A lawsuit seeking to kill the JetBlue-Spirit Airlines merger alleges it will hurt air travel throughout the country, but especially at Fort Lauderdale-Hollywood and Orlando international airports. Currently, there is vigorous competition between the two airlines at both airports — 19 of the airlines’ routes overlap in Fort Lauderdale and 12 in Orlando.
Between Spirit and JetBlue, about half of all passengers use either airline at Fort Lauderdale-Hollywood International. Spirit has a 30% market share, while Jet Blue sits at number two with a 19% market share.
The merger, which would eliminate Spirit Airlines, is already under scrutiny by federal regulators. A group of travelers and travel agents filed the current antitrust federal lawsuit challenging the merger and seeking an injunction to block it in December in the Northern District of California.
“Orlando and Fort Lauderdale would be especially hurt,” said Joseph Alioto, the lead attorney for the group, referring to the merger. “The whole point is for JetBlue to save money, and they will do it by eliminating flights and by raising prices.”
According to the lawsuit, Spirit is “a significant price-cutting rival of JetBlue, as well as a rival of the legacy carriers and other low-cost carriers. Approving the merger would allow JetBlue to gain a majority market share on more than a dozen routes where neither it nor Spirit previously dominated and it would eliminate price-cutting by Spirit.”
"The continued vigorous competition of Spirit is one of the few, if not the principal, remaining competitive forces in the market,” the lawsuit continues. “Its continued existence in the market is needed to preserve and protect the minimal amount of competition that exists in the airline industry today . . . Indeed, if there is to be any restoration of competition in the airline industry, Spirit is the airline that will cause it."

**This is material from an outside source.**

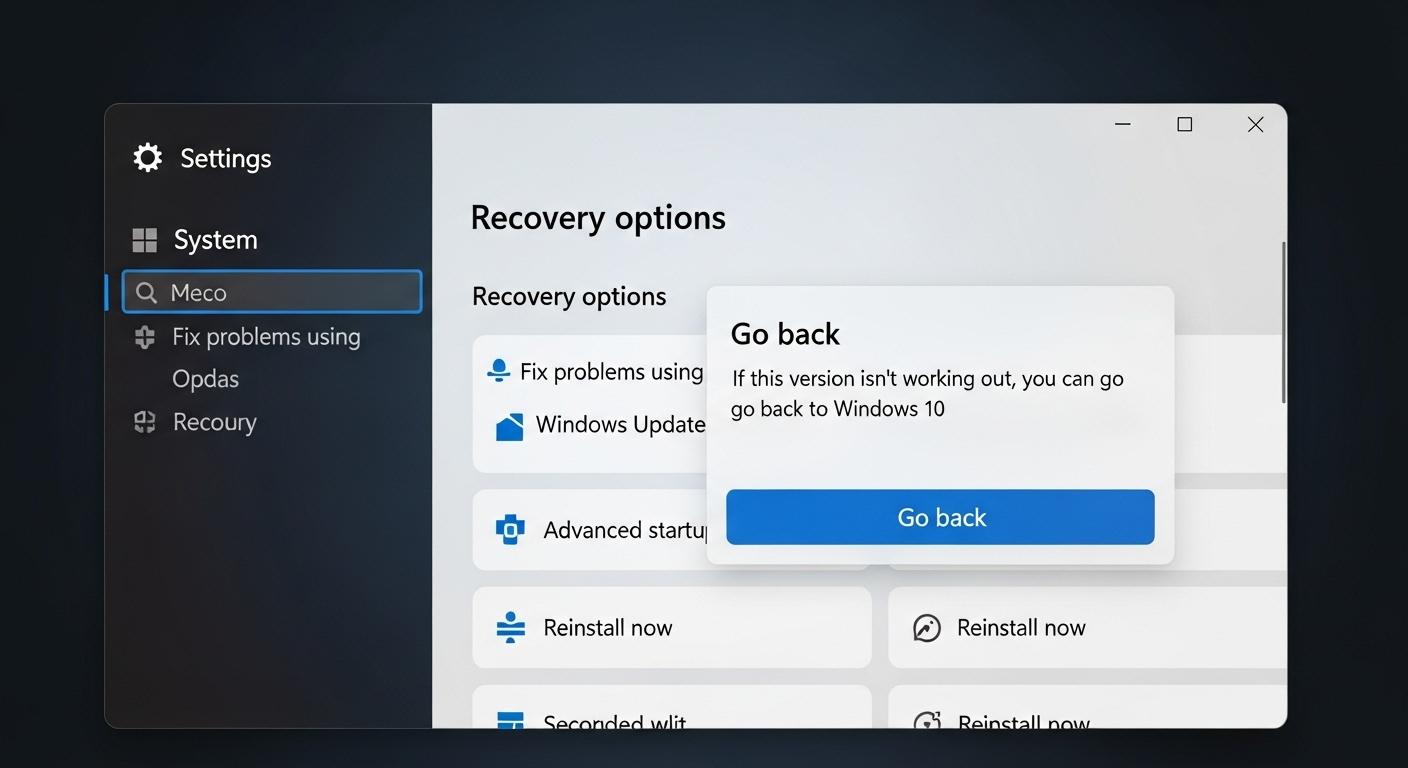Windows 11の「設定」の「回復」画面でWindows 10に戻るオプションがハイライトされている。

According to Alioto, Spirit has already made a case against the merger itself. When it supported a merger with Frontier Airlines last year, Spirit argued that a JetBlue merger would never win the approval of federal regulators, because it would in fact result in higher fares and halve the number of low-cost airlines.
However, Spirit’s shareholders refused to accept Frontier's offer after JetBlue offered to pay $3.8 billion for Spirit, or roughly $1 billion more than Frontier. Now, both airlines will see if Spirit made the right call.